今回の厨子は、戸裏も含め内部を全て黒蝋色で仕上げました。


・・・というのにも訳があって、

今回の厨子の戸裏には蒔絵が入るんです。




そもそも、蒔絵が入るならということで、

この六角型の厨子をご提案させて頂きました。


春日型、隅切春日型のお厨子を制作する機会が多い中、

何故に六角型なのか・・。





下の図は、厨子のおおまかな平面図。


上が今回制作した六角型。 下が隅切春日型の厨子です。





緑の線は扉、

赤の線は扉を開けて正面から見たときに見える向板を指します。



六角型は三面鏡のようになっていますから、

扉を開くと、6枚の板が正面から全て見えることになります。




戸裏にはメインとなる絵を描き、

向板3枚にも蒔絵を散らし、図柄が繋がるように絵を表現してみたくて

この六角型の厨子ということなんです。




図案は、




桜&燕  楓&鹿 

“春秋”を表現した図案。

ご寺院様にご縁のある桜と楓を取り入れました。







そして完成したのがコチラ。

力作です。







向右には、桜の木に燕二羽が飛び交い、





向左には、せせらぎ近くにある楓の木。

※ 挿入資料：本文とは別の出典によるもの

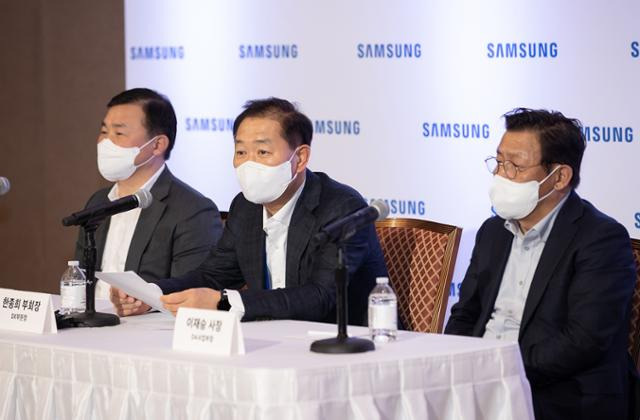 삼성전자 주요 경영진이 6일 CES 2022가 열리는 미국 라스베이거스에서 기자간담회를 열고 올해 사업 전략을 발표했다. 왼쪽부터 노태문 사장(MX사업부장), 한종희 부회장(DX부문장), 이재승 사장(생활가전사업부장). 삼성전자 제공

その近くに鹿が歩く絵。




非常に趣ある蒔絵が完成しました。




そして、このお厨子には、お木仏が入るのですが、

仏さんを入れるとこうなります。





この阿弥陀さんは、次回ご紹介しますので今回は割愛しますが、

西本願寺派の阿弥陀如来像です。

戸裏に阿弥陀さんの映り込みも良いですね。






もちろん、この厨子の特徴である蕨手も、

全体のバランスも格好良く仕上がりました。

蒔絵も入りますので、黒以外の色漆は多用せず、
極力シンプルに仕上げました。







また、上部の連子枠は、



岩絵の具を厚ぼったくならないように塗り、




枠に取付。 後ろ側は黒蝋色で仕上げています。

ちょっとしたことですが、こういった塗り分けや取付にも大変気を遣います。




最後に、錺金具。





錺金具には模様は彫っていません。

いわゆる魚々子(ななこ)のみ。


魚々子とは、刃が小円となった鏨(たがね)を打ち込み、

金属の表面に細かい粟(あわ)粒をまいたようにみせる技法。

魚の卵をまき散らしたようにみえるので魚々子と呼ばれます。



この魚々子のみの彫りを素魚々子(すななこ)と呼んでいますが、


模様がない分、地味に見えるかもしれませんが、

1粒1粒を打ち込んでいくというかなり手間と技術の要る内容なんです。


あえて、素魚々子。


今回のこの六角型厨子では、とことん拘らせて頂きました。